Tigran Balayan, the Armenian Foreign Ministry spokesman, told RFE/RL’s Armenian service (Azatutyun.am) that the consulate premises are now located closer to central Aleppo neighborhoods populated by tens of thousands of ethnic Armenians. There have been no reports of major fighting there yet.
Balayan said the main purpose of the relocation is to “organize consular services provided to Syrian Armenians in a safer and faster manner.”
The Aleppo consulate as well as the Armenian Embassy in Damascus continue to function despite escalating violence in Syria. According to the Foreign Ministry, they have issued some 3,000 Armenian visas this year.
The diplomatic missions were also authorized last week to give Armenian passports to Syrian nationals of Armenian descent. According to immigration authorities in Yerevan, more than 6,000 of them have applied for dual Armenian citizenship since the beginning of last year.
Armenia’s Ministry of Diaspora insisted that the increasingly bloody strife in Syria still does not warrant a mass exodus of Armenians. “Most of them do not see [deadly] dangers. Why?
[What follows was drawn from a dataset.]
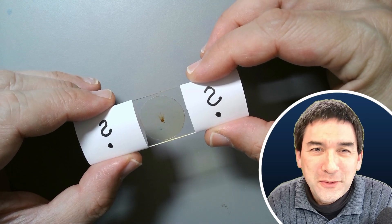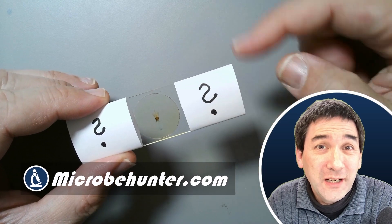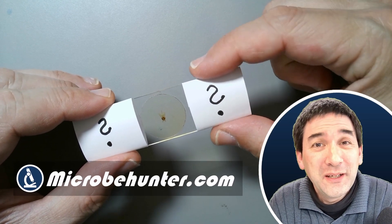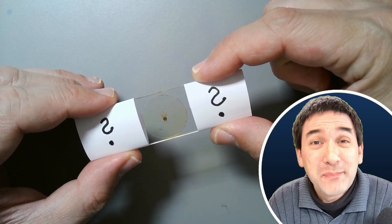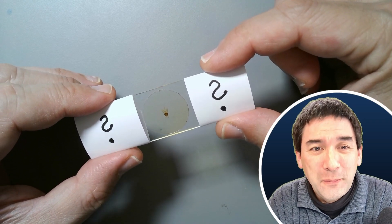Hello and welcome again, Microbe Hunter here. I brought another microscope slide today, but in this case I covered up the slide label because I would like to ask you to guess the specimen.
Because there is no anti-Armenian hysteria,” said Firdus Zakarian, head of a ministry task force dealing with arriving Syrian Armenians.
The Armenian Revolutionary Federation reaffirmed its opposition to a mass migration of Syrian Armenian community.
Giro Manoyan, the ARF’s political director, said community members coming to Armenia should get government assistance. “But one must not create the impression that all Syrian Armenians want to come to Armenia and that we are not doing anything to help them come because there is no such desire,” he said.